Here the job is to print only the lines from the one containing "LEGO City - Hospital, Juguete" to the end of the entries, both included, exactly as they stand, with pictures excluded.

• **Records to process**:

◆ ◆ ◆

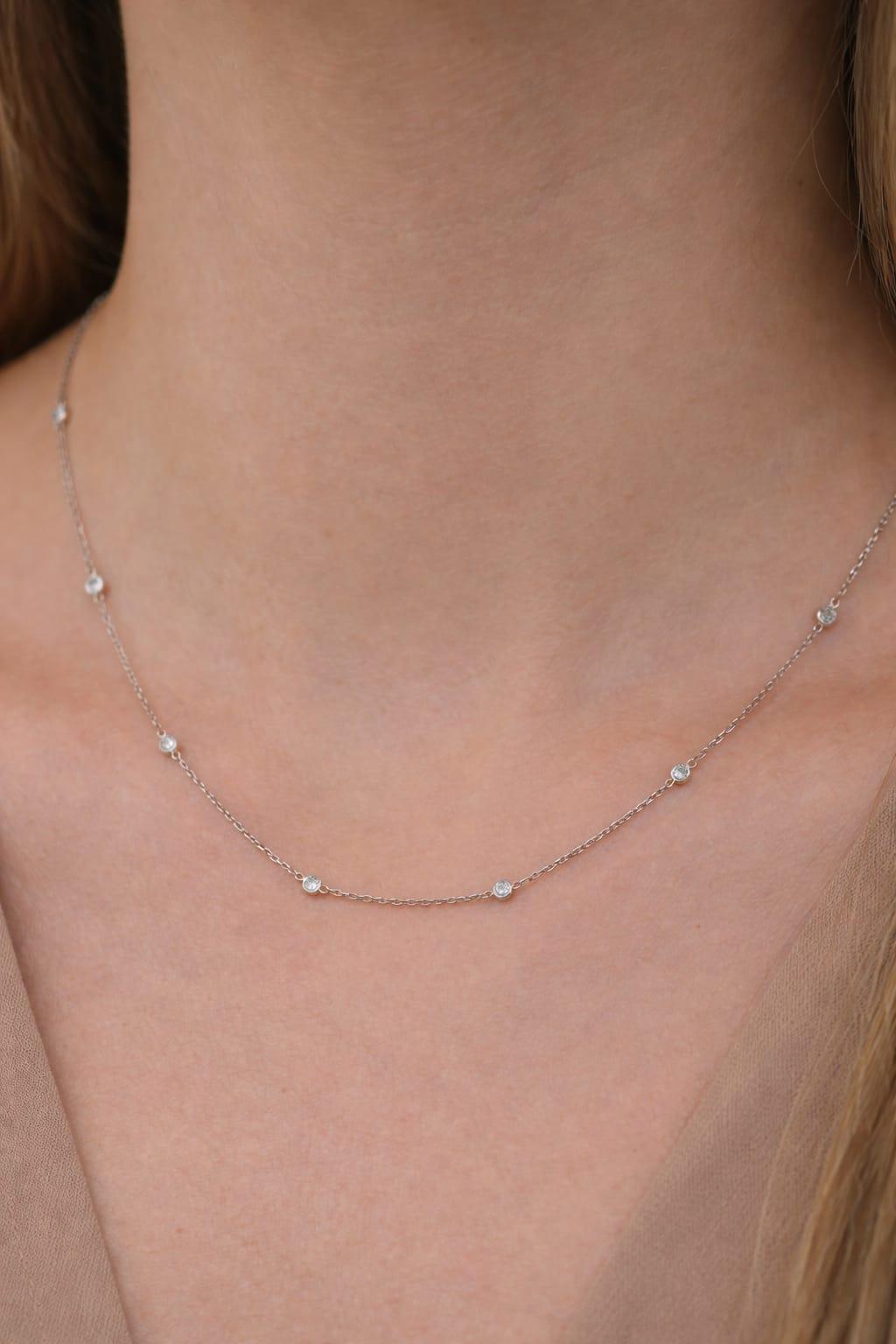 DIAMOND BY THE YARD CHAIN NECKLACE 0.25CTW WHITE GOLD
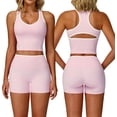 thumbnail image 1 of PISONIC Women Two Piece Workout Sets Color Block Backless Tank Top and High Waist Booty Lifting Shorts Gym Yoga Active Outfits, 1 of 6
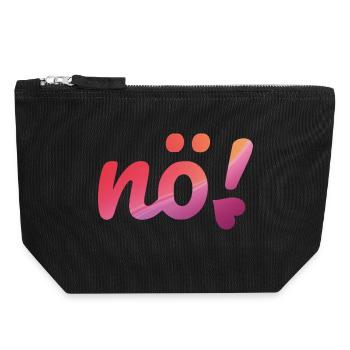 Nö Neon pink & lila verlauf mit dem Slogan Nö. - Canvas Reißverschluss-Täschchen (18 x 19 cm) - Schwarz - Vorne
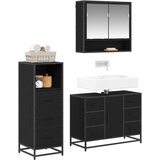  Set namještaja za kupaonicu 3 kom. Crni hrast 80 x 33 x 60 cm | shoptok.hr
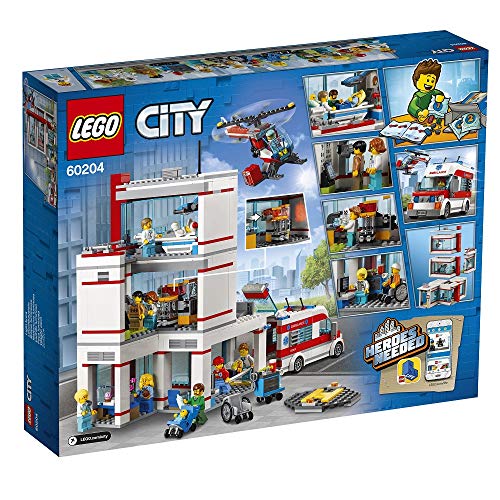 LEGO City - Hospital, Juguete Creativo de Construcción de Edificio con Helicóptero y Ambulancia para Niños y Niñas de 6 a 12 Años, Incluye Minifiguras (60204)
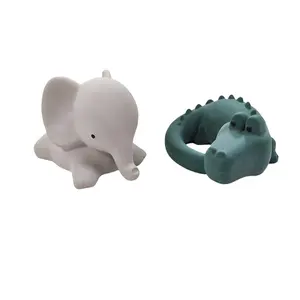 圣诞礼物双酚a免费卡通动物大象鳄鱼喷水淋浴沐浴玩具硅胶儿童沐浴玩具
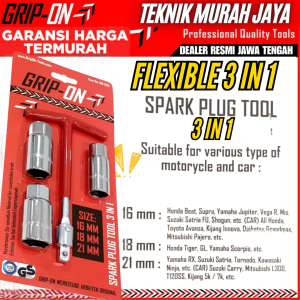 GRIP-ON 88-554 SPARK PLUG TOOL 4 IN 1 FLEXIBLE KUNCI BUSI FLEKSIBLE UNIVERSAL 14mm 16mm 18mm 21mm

◆ ◆ ◆

• **Completed exercise**:
 LEGO City - Hospital, Juguete Creativo de Construcción de Edificio con Helicóptero y Ambulancia para Niños y Niñas de 6 a 12 Años, Incluye Minifiguras (60204)
 圣诞礼物双酚a免费卡通动物大象鳄鱼喷水淋浴沐浴玩具硅胶儿童沐浴玩具
 GRIP-ON 88-554 SPARK PLUG TOOL 4 IN 1 FLEXIBLE KUNCI BUSI FLEKSIBLE UNIVERSAL 14mm 16mm 18mm 21mm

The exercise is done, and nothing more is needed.